The answer must consist solely of the lines from the line with "# 681858 180" to the end of the data below, transcribed exactly and with no pictures.

[Captioned web image data]

***

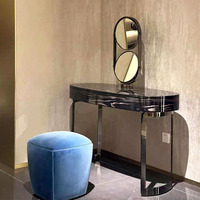 Coiffeuse italienne de designer en bois massif avec miroir sur pied Mobilier d'hôtel de style moderne pour appartement Chambre à coucher principale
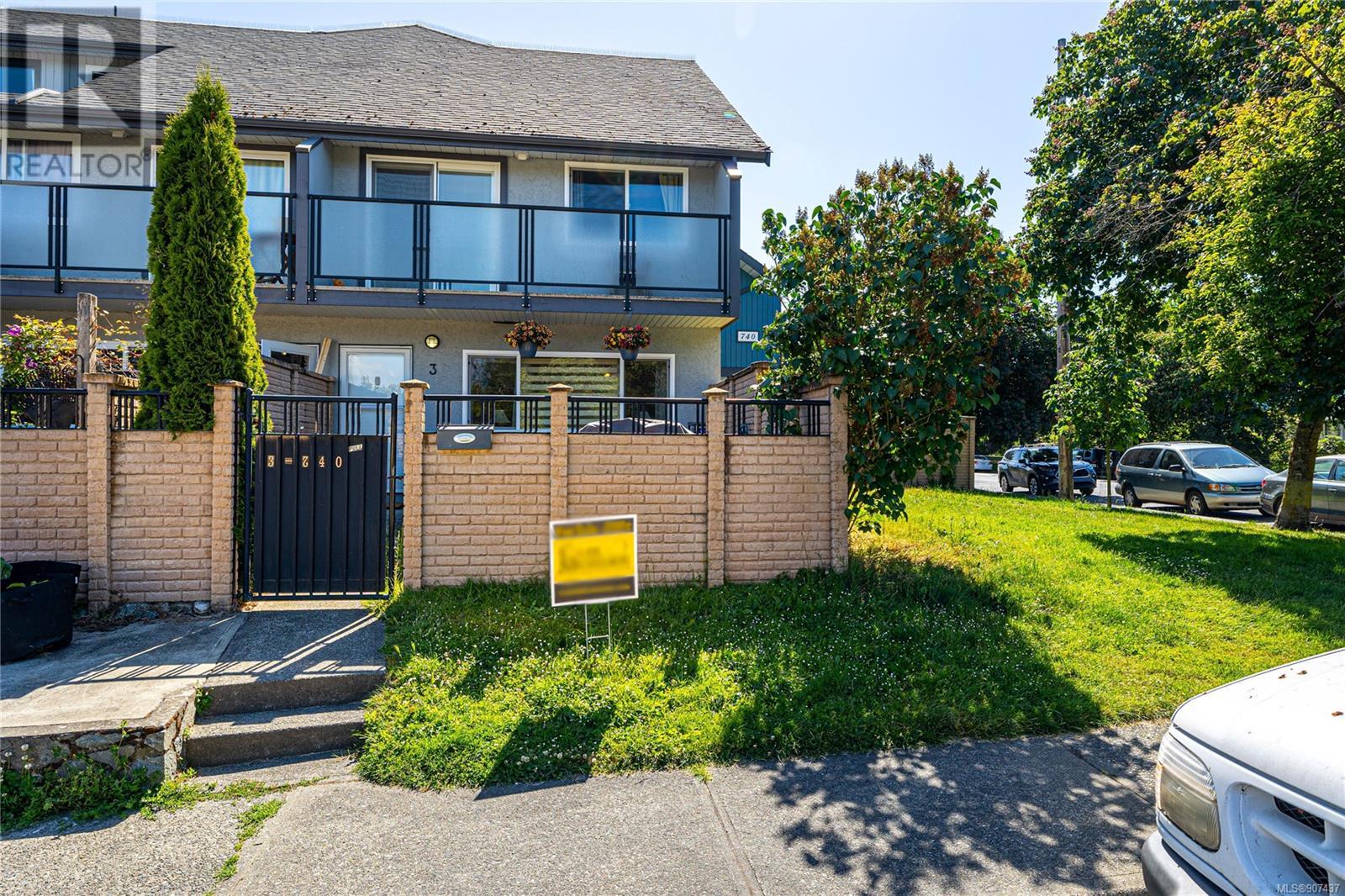 3-740 Wilson Street, Victoria, BC, V9A 3H2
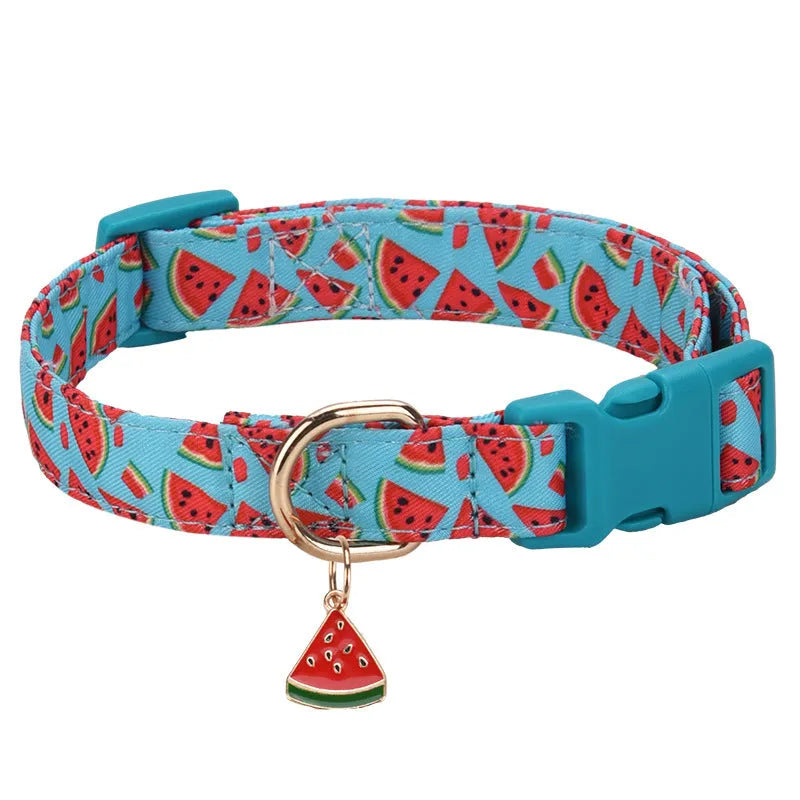 Adjustable dog collar with floral pattern in Strawberry colour on a white background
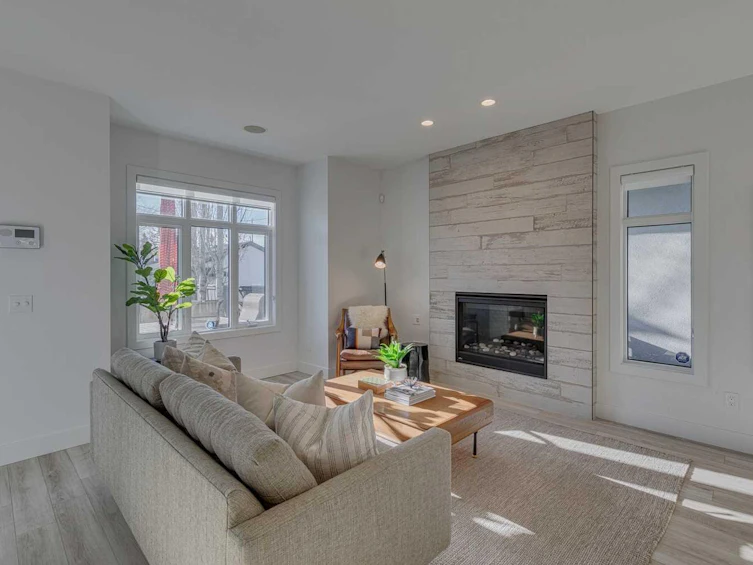 2045 49 Avenue SW, Calgary, AB, T2T 2V5 - 16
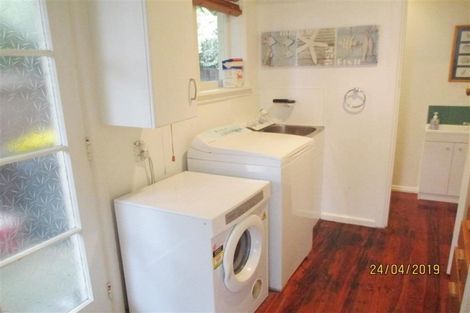 Photo of property in 2 Ilfracombe Place, Burnside, Christchurch, 8053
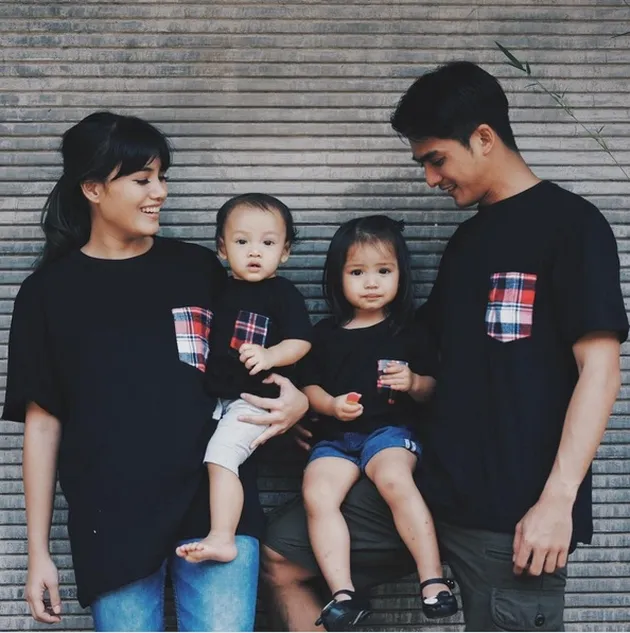 Keluarga Ricky Harun dan Herfiza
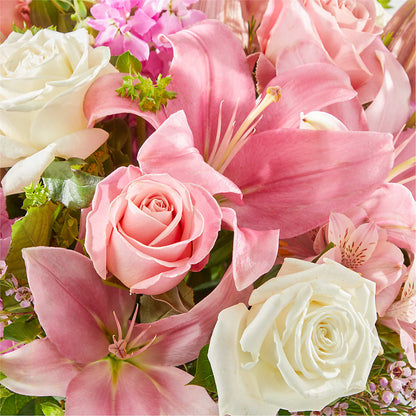 Ethereal Beauty Bouquet –  Fleuriste Boutique Du Moulin, L'ile-perrot PQ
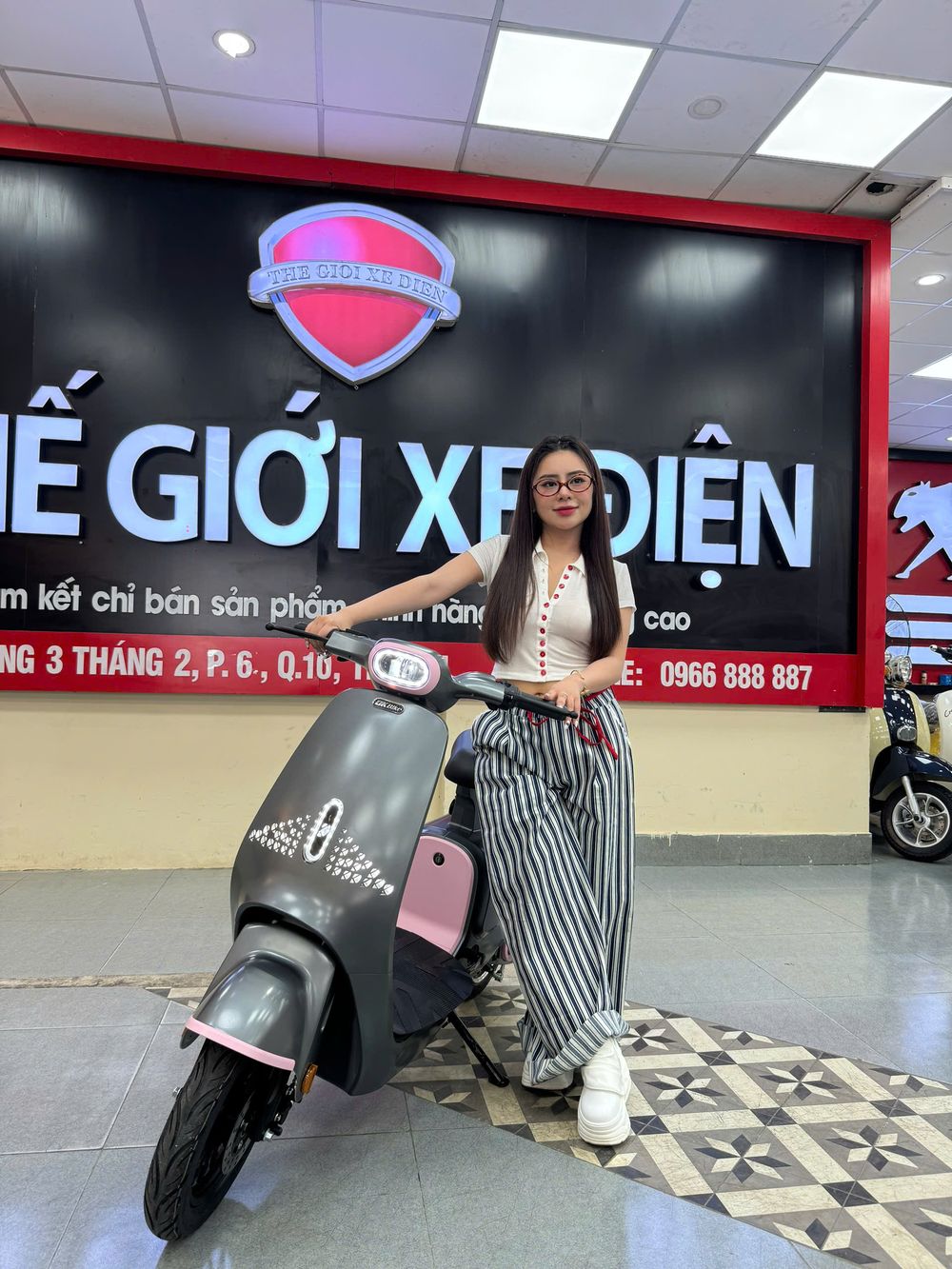 Chọn Xe Đạp Điện Chạy Pin Hay Acquy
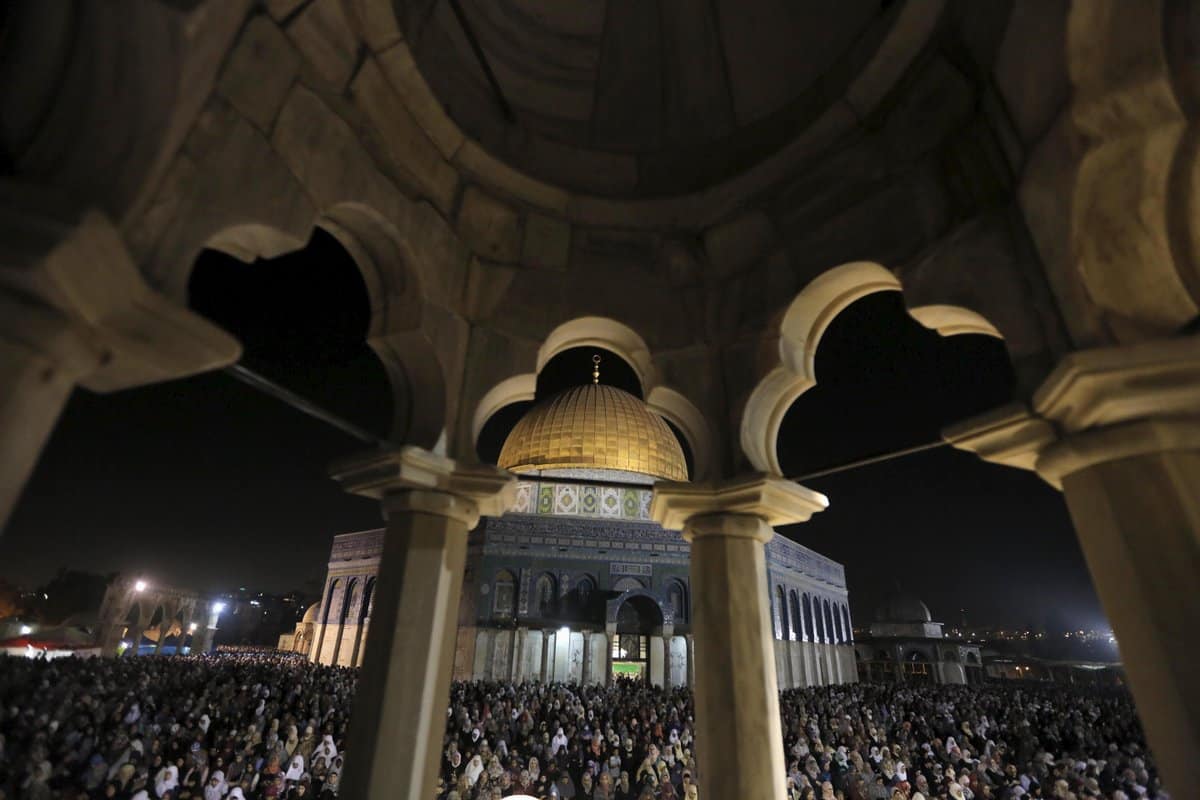 بداية العشر الاواخر من رمضان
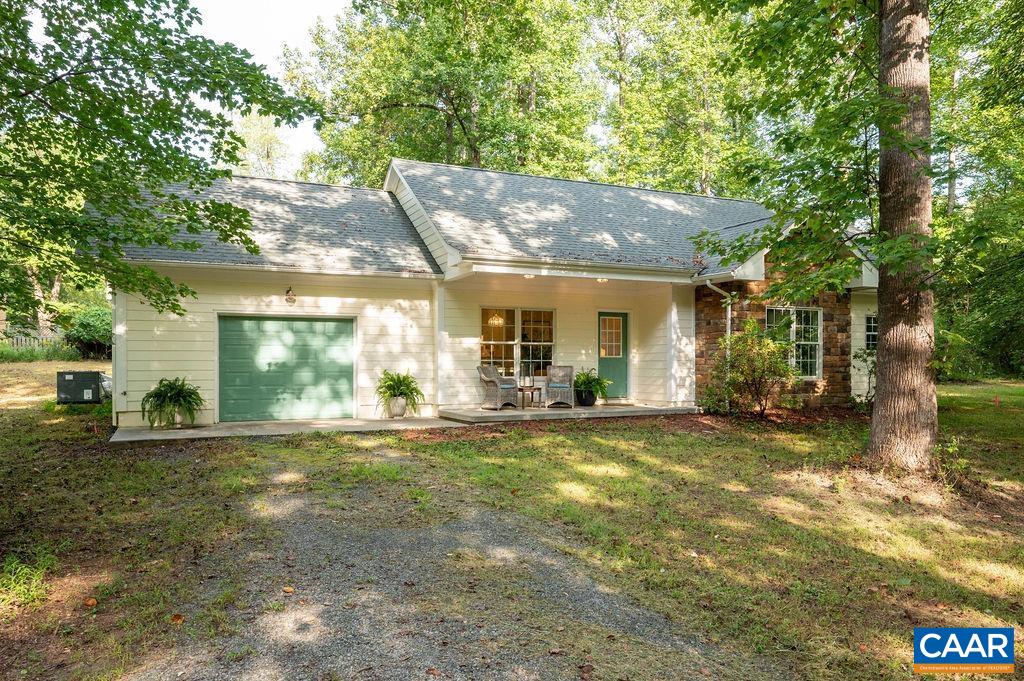 180 LYNX FARM LN, CHARLOTTESVILLE, Virginia 22903, 2 Bedrooms Bedrooms, ,2 BathroomsBathrooms,Residential,180 LYNX FARM LN,681858 MLS # 681858 180 LYNX FARM LN, CHARLOTTESVILLE, Virginia 22903, 2 Bedrooms Bedrooms, ,2 BathroomsBathrooms,Residential,180 LYNX FARM LN,681858 MLS # 681858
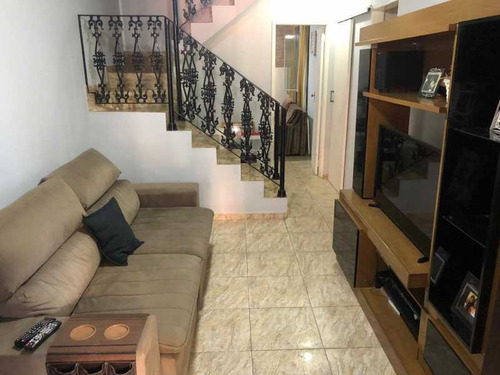 Imagem 6 de 15 de Ampla Casa Com 4 Quartos Em Condomínio Fechado. Ótima Localização, Próximo À Padaria, Supermercado, Escolas, Estação De Trem E Via Light - Sicn40001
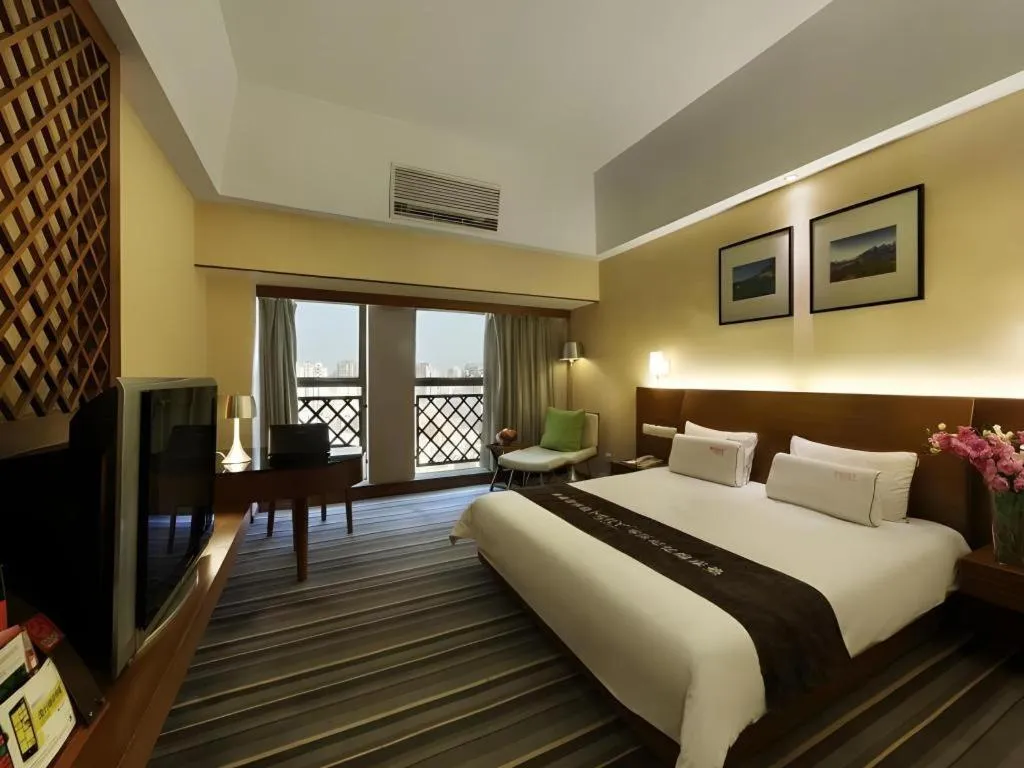 Bed in South China Laguna Hotel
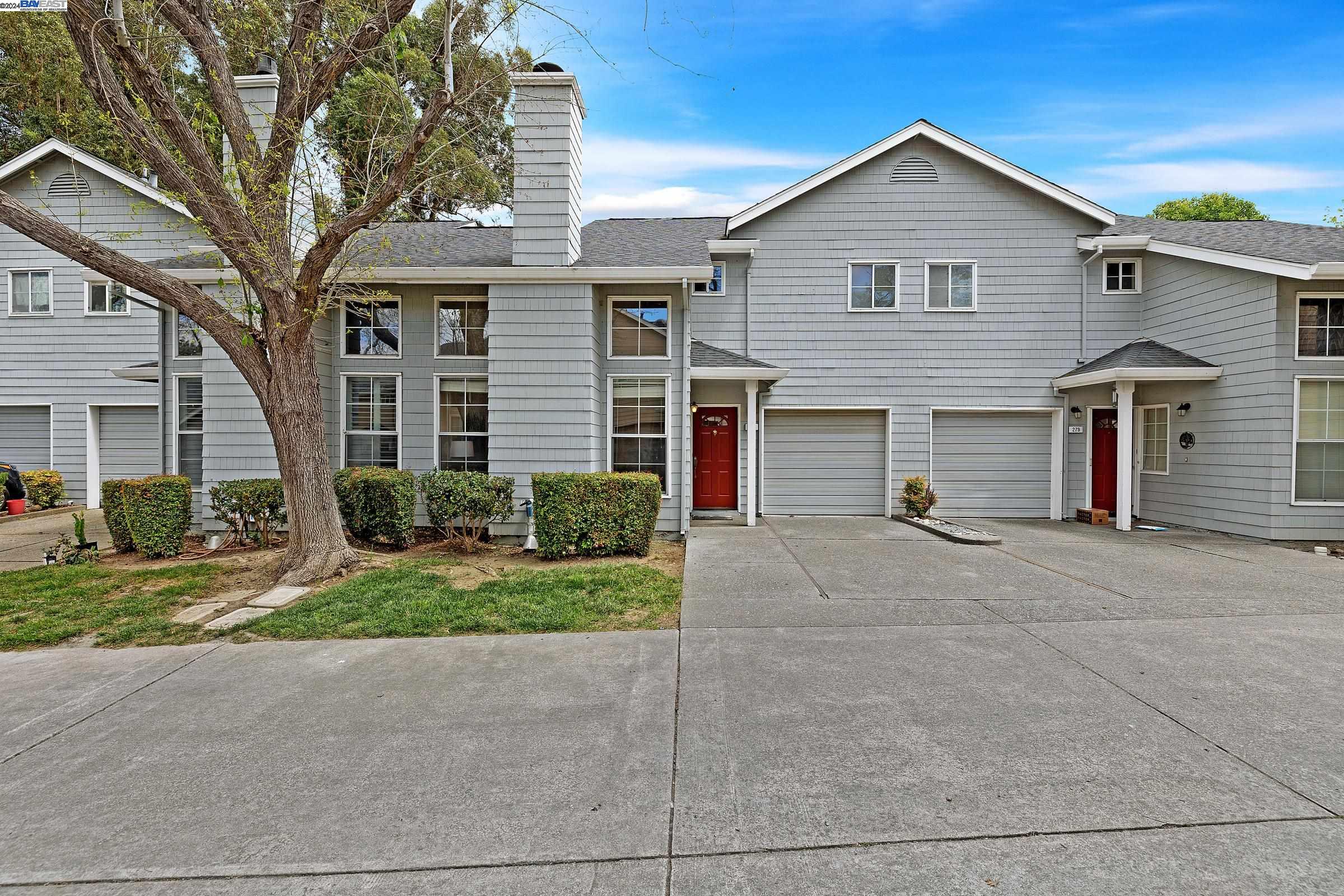 Detail Gallery Image 1 of 34 For 275 Pebblecreek Ct, Martinez,  CA 94553 - 2 Beds | 2/1 Baths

***

* Task response
 180 LYNX FARM LN, CHARLOTTESVILLE, Virginia 22903, 2 Bedrooms Bedrooms, ,2 BathroomsBathrooms,Residential,180 LYNX FARM LN,681858 MLS # 681858 180 LYNX FARM LN, CHARLOTTESVILLE, Virginia 22903, 2 Bedrooms Bedrooms, ,2 BathroomsBathrooms,Residential,180 LYNX FARM LN,681858 MLS # 681858
 Imagem 6 de 15 de Ampla Casa Com 4 Quartos Em Condomínio Fechado. Ótima Localização, Próximo À Padaria, Supermercado, Escolas, Estação De Trem E Via Light - Sicn40001
 Bed in South China Laguna Hotel
 Detail Gallery Image 1 of 34 For 275 Pebblecreek Ct, Martinez,  CA 94553 - 2 Beds | 2/1 Baths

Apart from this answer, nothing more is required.